Kitaplara en çok ihtiyacımızın tam da bu mücadele ve stres anlarında olduğunu öne sürmek için buradayım. Okumanın duraklamasında başlı başına rahatlatıcı bir şey var. Kitapla geçirilen bir dakika, temel kişisel bakımdır; çocuklarınıza bir güvenlik battaniyesi ya da kiliseye gitme alışkanlığı gibi aktardığınız türden bir beceridir.
(I am here to posit that it's exactly in these moments of struggle and stress that we need books the most. There's something in the pause to read that's soothing in and of itself.
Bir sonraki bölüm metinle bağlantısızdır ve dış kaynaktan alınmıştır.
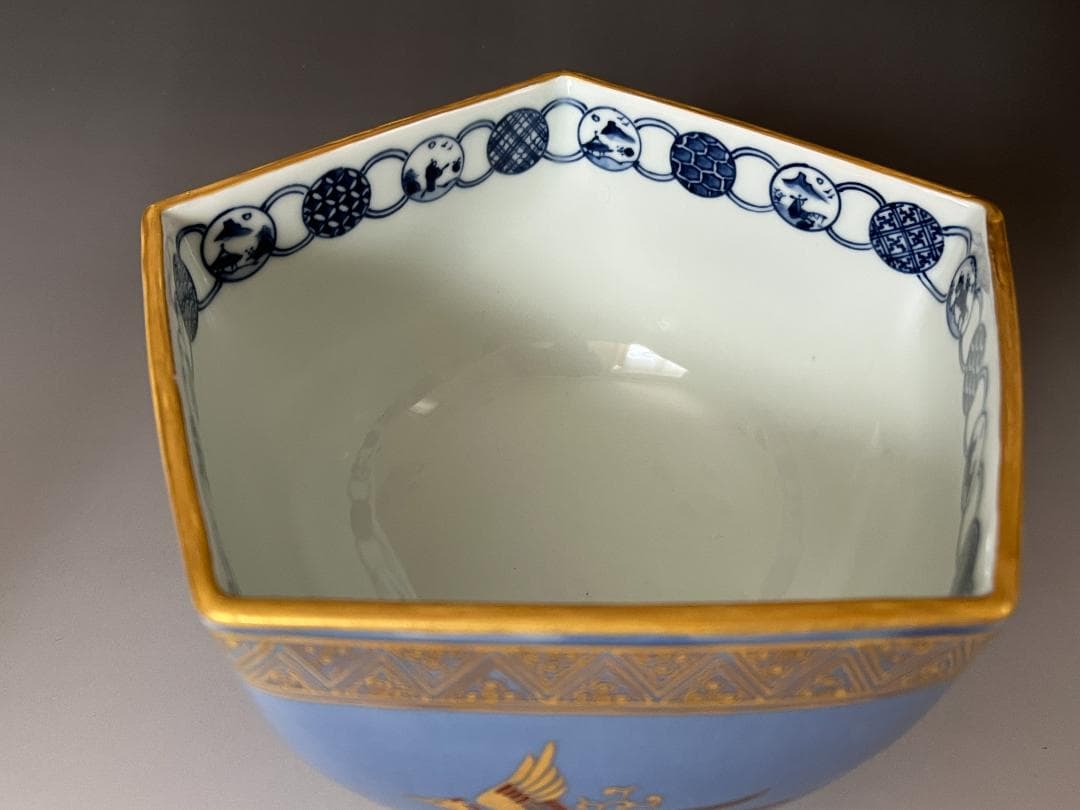 林淡幽　藍彩鳳凰五角　水指　茶道具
A moment with a book is basic self-care, the kind of skill you pass along to your children as you would a security blanket or a churchgoing habit.)
Zorluk ve gerginlik anlarında kitaplar temel rahatlık ve kaçış sağlar. Okumak, bir çeşit kişisel bakım işlevi görebilecek sakinleştirici bir duraklama sunar ve bireylerin sorunlarına ara vermelerine olanak tanır. Bu uygulama sadece stresle baş etmeye yardımcı olmakla kalmıyor, aynı zamanda gelecek nesillerle paylaşılabilecek, yaşam boyu sürecek bir beceriyi de besliyor.
Erin Blakemore, "The Heroine's Bookshelf" adlı kitabında, tıpkı el üstünde tutulan bir battaniye veya anlamlı bir gelenek gibi, değer taşıyan bir şey olarak bu okuma alışkanlığının önemini vurguluyor. Edebiyatla ilgilenmenin zor zamanlarda nasıl destekleyici bir araç olarak hizmet edebileceğini, dayanıklılığı ve duygusal refahı geliştirebileceğini vurguluyor.